Apotheker-Beratung per Internet

Telekom/DocMorris bringen Apotheke aufs Sofa

Berlin - 25.02.2014, 13:23 Uhr


Nach dem grün-weißen Apothekenbus lässt DocMorris die deutschen Apotheker mit einer neuen Initiative aufhorchen. Die Deutsche Telekom und die Versandapotheke bringen die Apotheke nach Hause aufs Sofa ins Wohnzimmer: Auf der Elektronik-Messe Cebit stellen beide Unternehmen im März ein Gemeinschaftsprojekt vor, das die Live-Kommunikation mit und die Live-Beratung durch einen DocMorris-Apotheker per Internet-Livestream ermöglichen soll.

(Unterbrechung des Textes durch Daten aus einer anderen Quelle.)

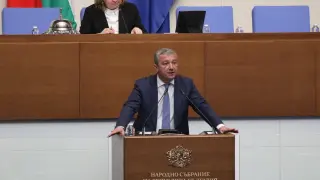Драгомир Стойнев: Изслушванията в зала трябва да са след приемане на законите за деня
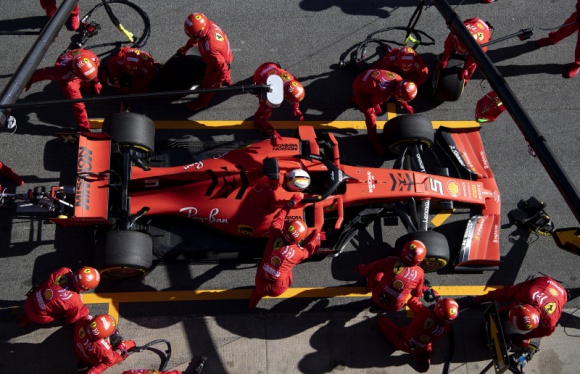 Produkty Shell przyczyniły się do lepszych wyników Scuderia Ferrari w 2018 roku BIZNES, Motoryzacja - Shell z dumą ogłasza, że lepsze czasy okrążeń osiągane przez pojazdy zespołu Scuderia Ferrari w 21% są rezultatem korzystania z paliwa wyścigowego Shell V-Power i oleju silnikowego Shell Helix Ultra.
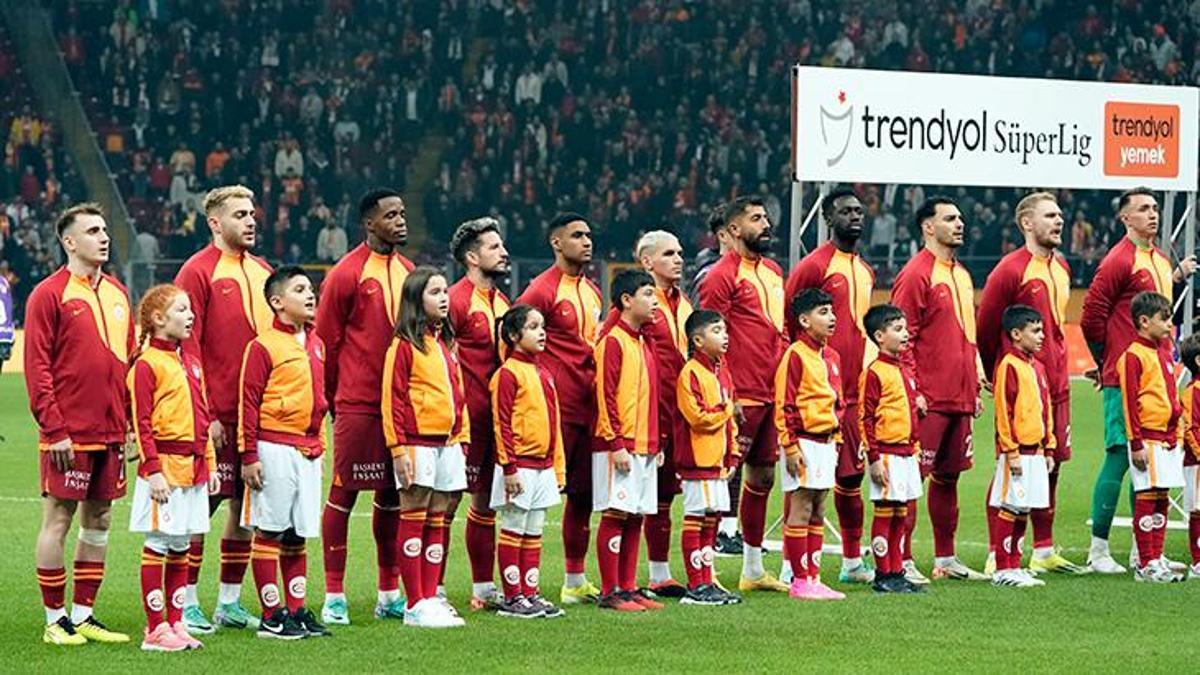 Galatasaray savunmada büyük bilmece! Büyük bir çaba harcanıyor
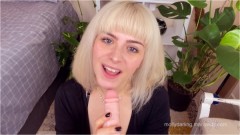 Molly Darling – Mommy loves you 4K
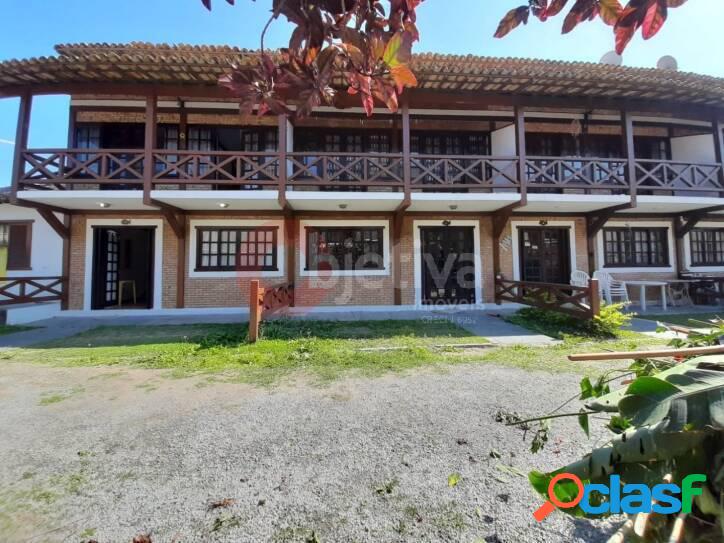 Casa com 3 dormitórios à venda, 105 m² por R$ 350.000,00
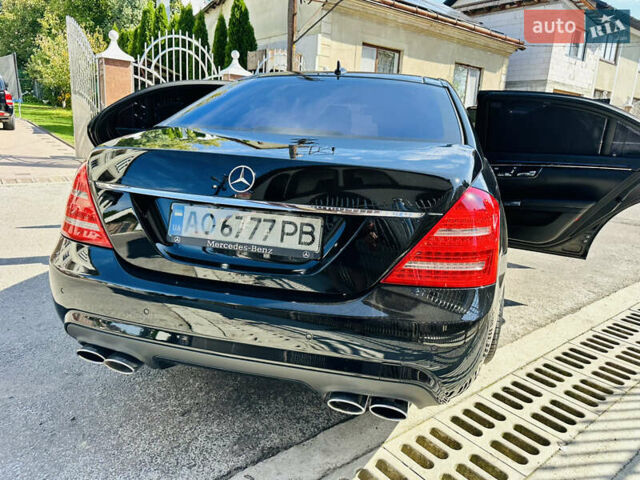 Черный Мерседес С Класс, объемом двигателя 5.5 л и пробегом 210 тыс. км за 12900 $, фото 58 на Automoto.ua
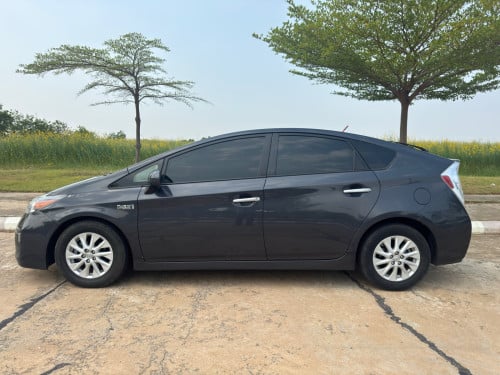 Toyota Prius plug-in hybrid 2012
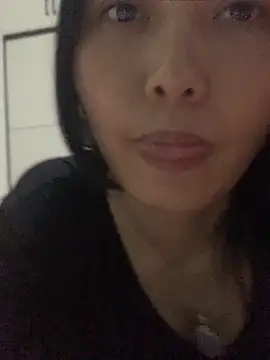 Snapshot of lylxili chatting on May 26, 10:11 am lylxili online show from May 26, 10:11 am
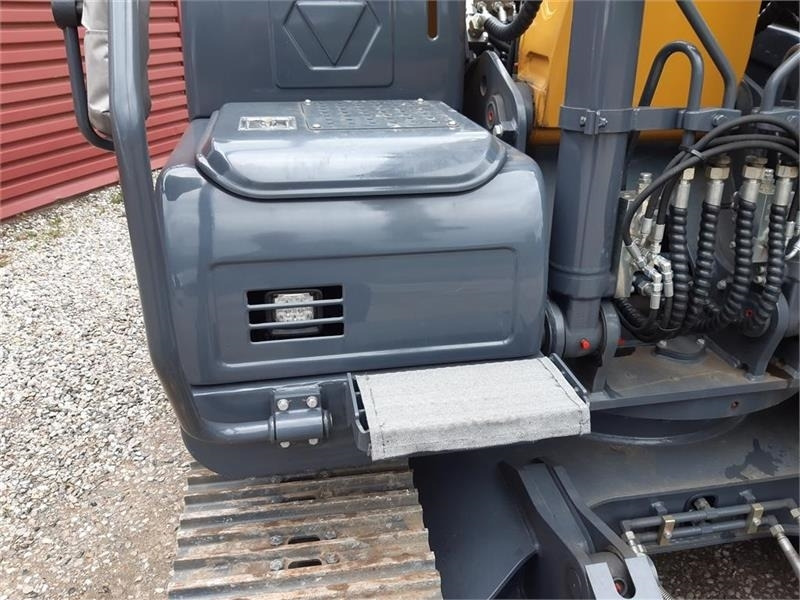 Crawler excavator - - - xcmg xe150e: picture 6 Crawler excavator - - - xcmg xe150e: picture 6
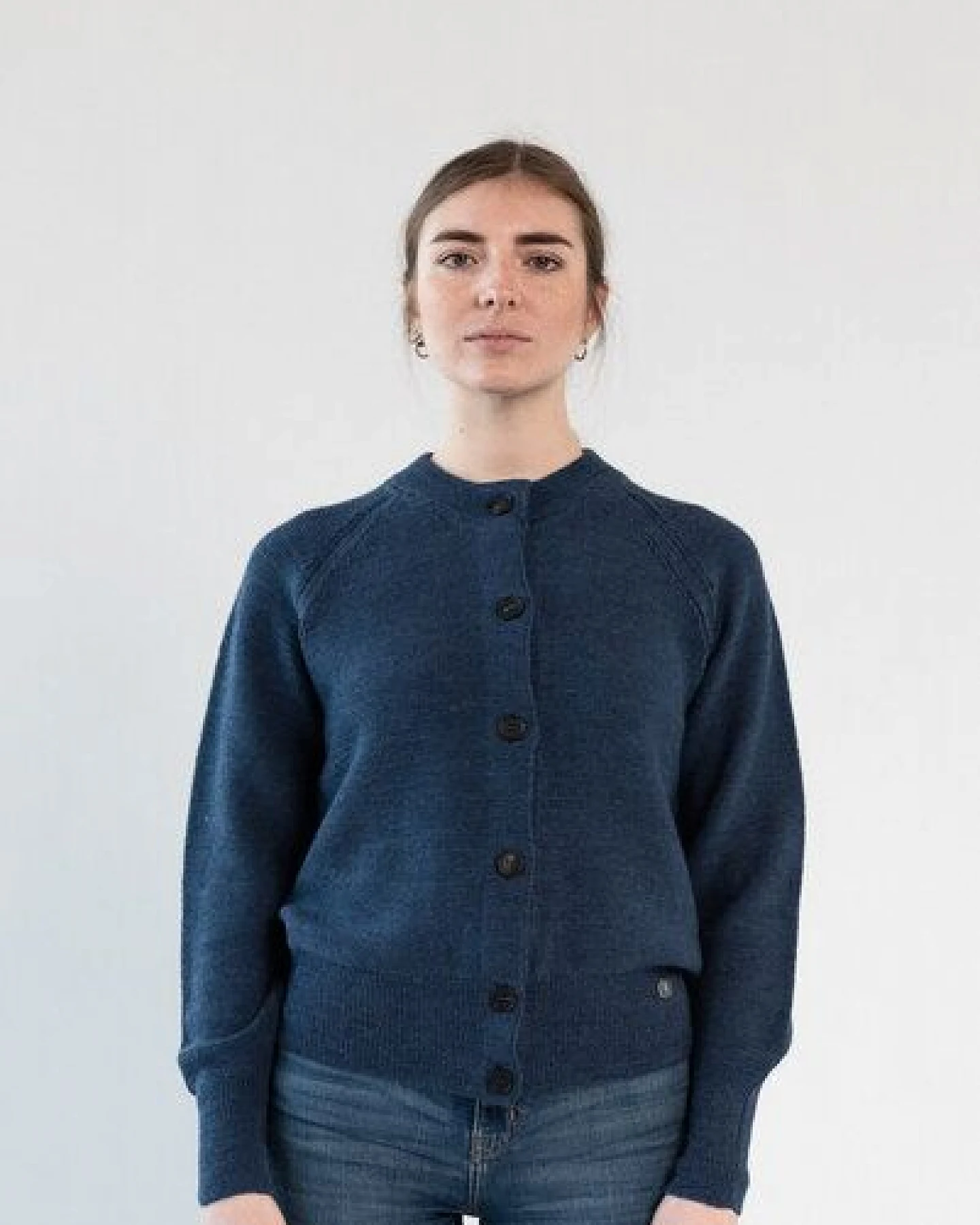 Grenz/gang Strick Cardigan ELEONORA_ Zero Waste aus Schurwolle (kbT) – Ansicht 3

Ein Telekom-Sprecher bestätigte DAZ.online den Präsentationstermin am 11. März auf der Cebit: „Im Mittelpunkt des Gespräches steht eine Kooperation zwischen DocMorris und der Deutschen Telekom respektive der Telekom Deutschland GmbH. Es geht um einen Internetanwendung/dienst.“ Die Deutsche Telekom bringe die Beratung nun live zum Kunden: „Dazu kooperiert der Bonner Kommunikationskonzern mit DocMorris. Kunden von Europas größter Versandapotheke können sich demnächst ganz bequem vom Sofa daheim oder auch unterwegs interaktiv über Medikamente und ihre Anwendung informieren und beraten lassen“, so die aktuelle Presseeinladung. Weitere Details der Vereinbarung und der Anwendungsmöglichkeiten wollten beide Unternehmen noch nicht verraten.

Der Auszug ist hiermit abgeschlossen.